# EXERCISE DETAILS
Please transcribe the listing that follows exactly; images are to be excluded.

# PROVIDED MATERIAL
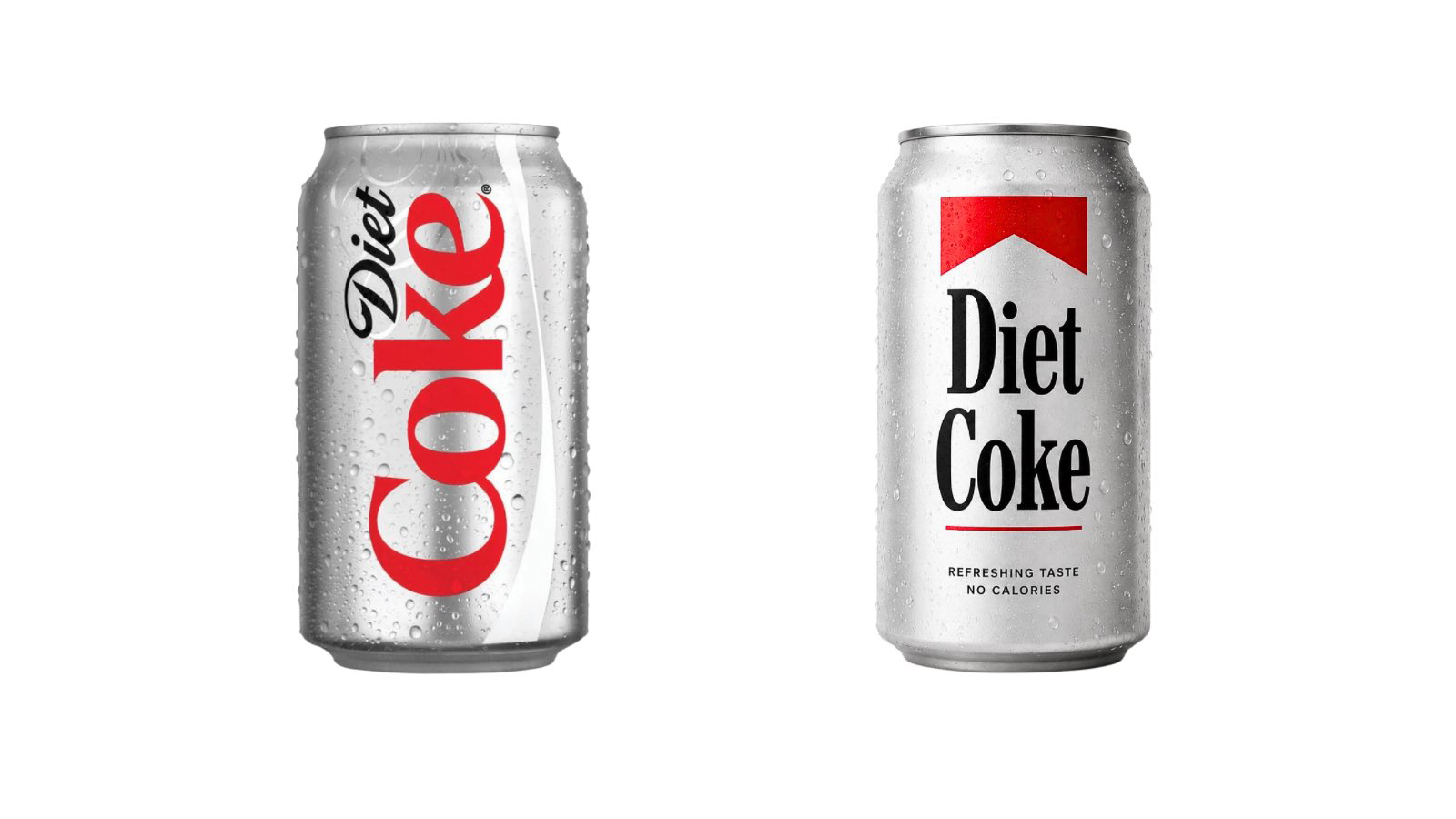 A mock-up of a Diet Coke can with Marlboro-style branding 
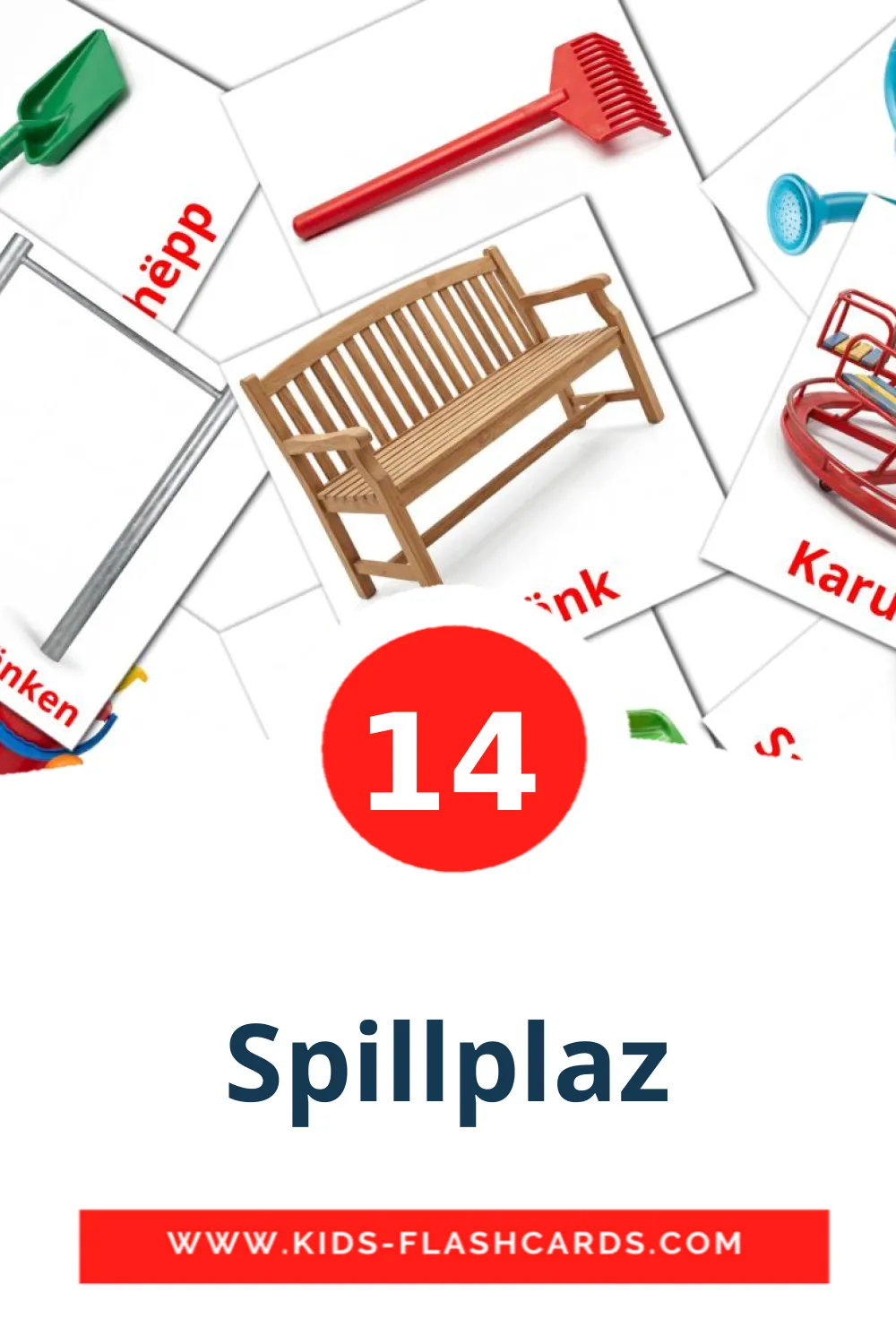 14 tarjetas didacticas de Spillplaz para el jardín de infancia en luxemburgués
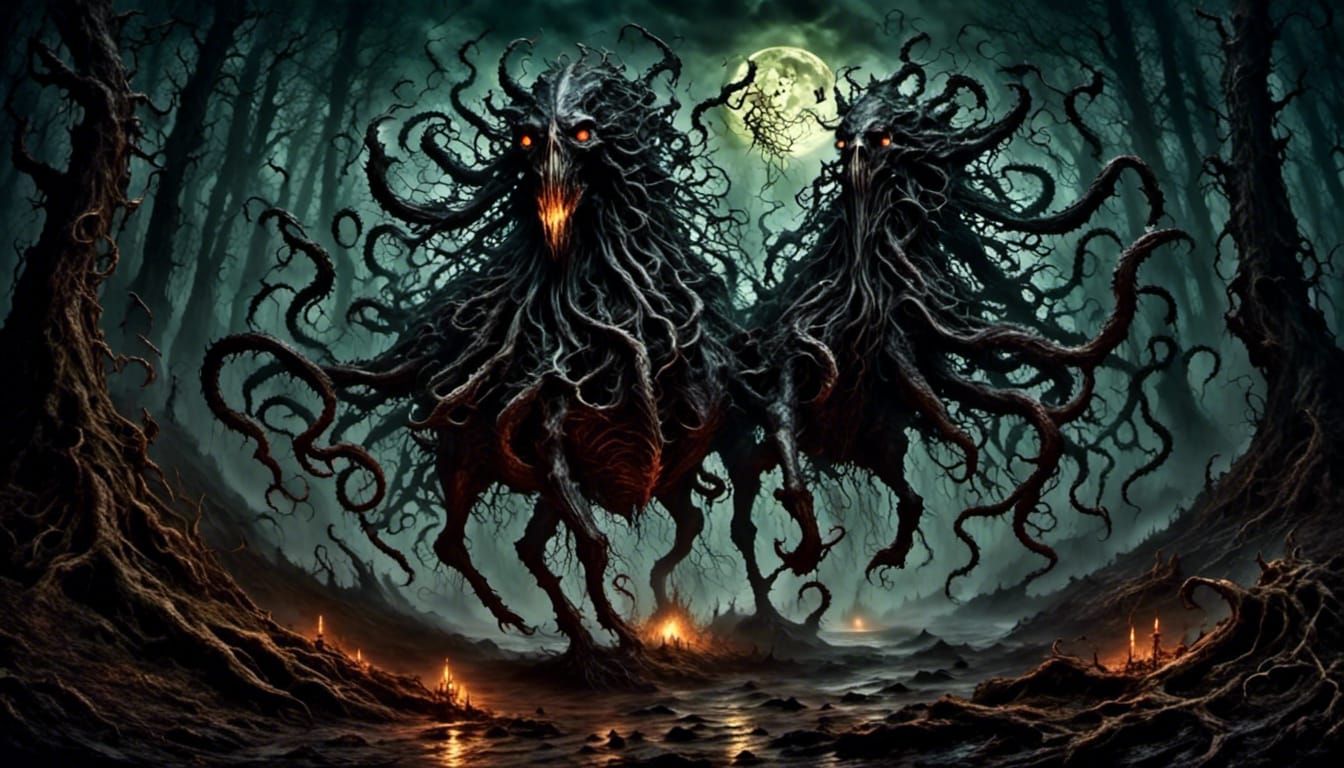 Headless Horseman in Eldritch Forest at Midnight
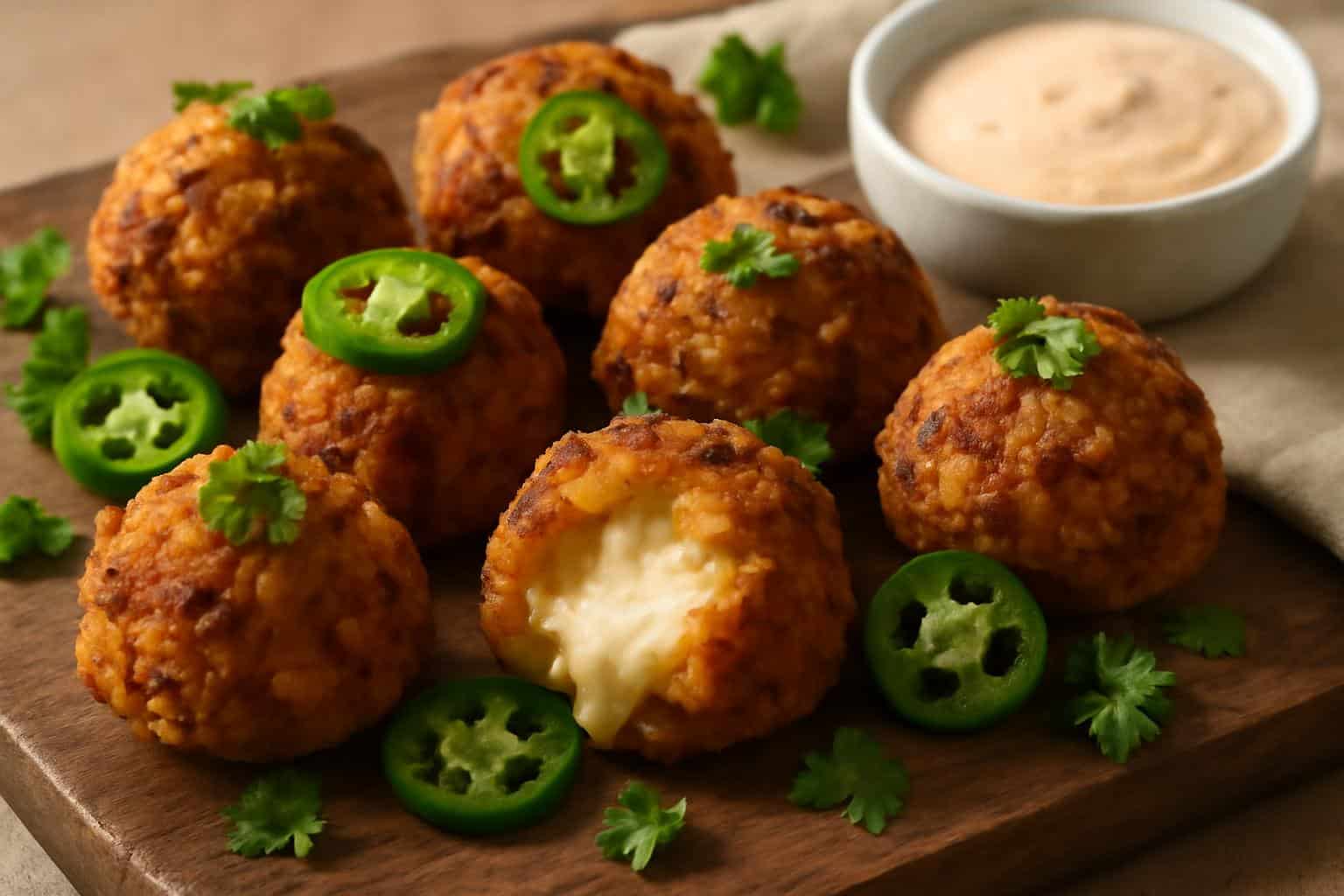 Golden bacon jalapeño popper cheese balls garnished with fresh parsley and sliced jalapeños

# WRITTEN ANSWER
 A mock-up of a Diet Coke can with Marlboro-style branding 
 14 tarjetas didacticas de Spillplaz para el jardín de infancia en luxemburgués
 Headless Horseman in Eldritch Forest at Midnight
 Golden bacon jalapeño popper cheese balls garnished with fresh parsley and sliced jalapeños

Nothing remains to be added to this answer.